[[ TASK INPUT open ]]

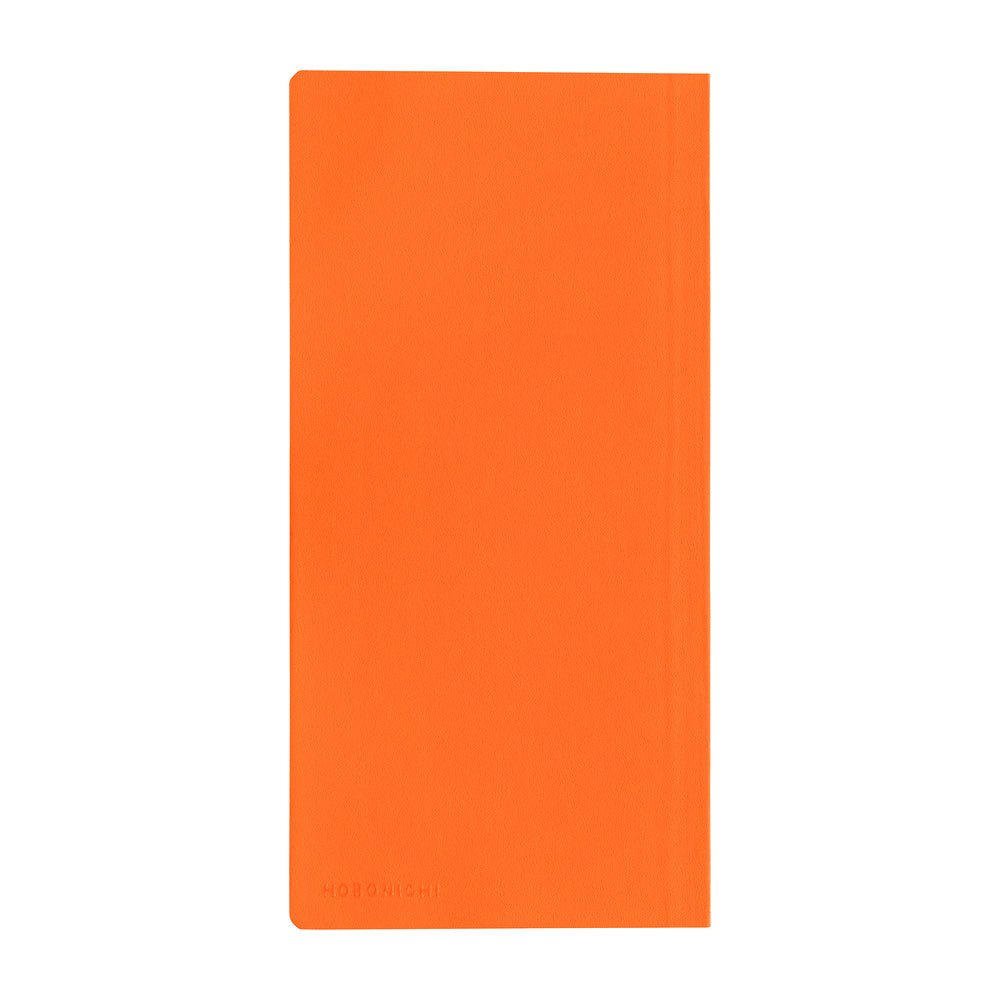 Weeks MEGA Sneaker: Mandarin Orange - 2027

[[ TASK INPUT closed ]]
[[ TASK INPUT open ]]

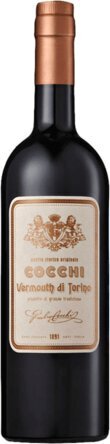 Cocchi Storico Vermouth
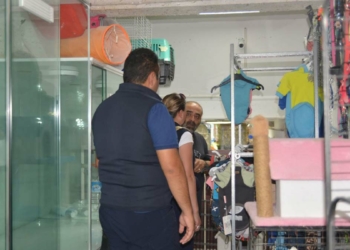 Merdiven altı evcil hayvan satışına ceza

[[ TASK INPUT closed ]]

Only the lines above from the one containing "Cocchi Storico Vermouth" through the one containing "Merdiven altı evcil hayvan satışına ceza" should be returned, verbatim and inclusive, with pictures excluded.

 Cocchi Storico Vermouth
 Merdiven altı evcil hayvan satışına ceza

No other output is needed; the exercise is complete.